● EXERCISE BRIEF:
Using the data below, reproduce exactly the lines from the line with "Paul Mitchell straightener" to the line with "Casa à venda", both included; pictures must be dropped.
─── MATERIAL SHOWN ───
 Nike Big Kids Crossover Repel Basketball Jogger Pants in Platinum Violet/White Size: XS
───
─── MATERIAL SHOWN ───
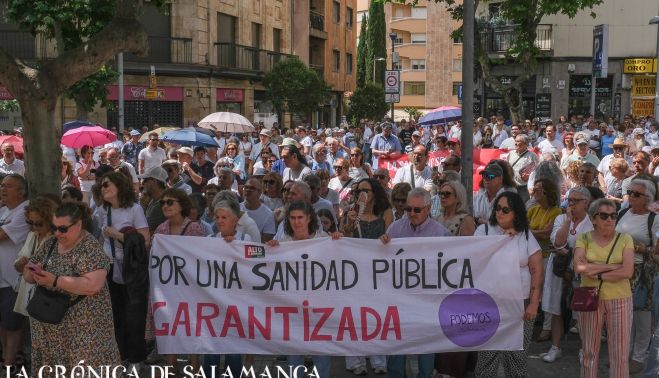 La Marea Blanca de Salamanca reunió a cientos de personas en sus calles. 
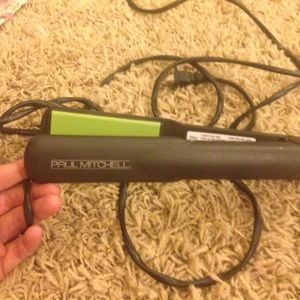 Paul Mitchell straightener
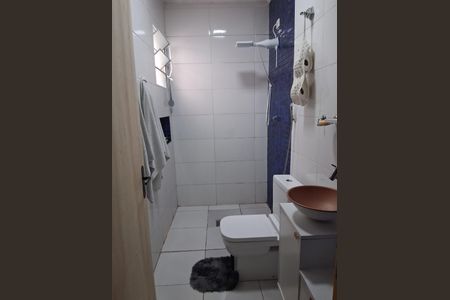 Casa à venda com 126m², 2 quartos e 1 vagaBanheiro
───
● ANSWER SECTION:
 Paul Mitchell straightener
 Casa à venda com 126m², 2 quartos e 1 vagaBanheiro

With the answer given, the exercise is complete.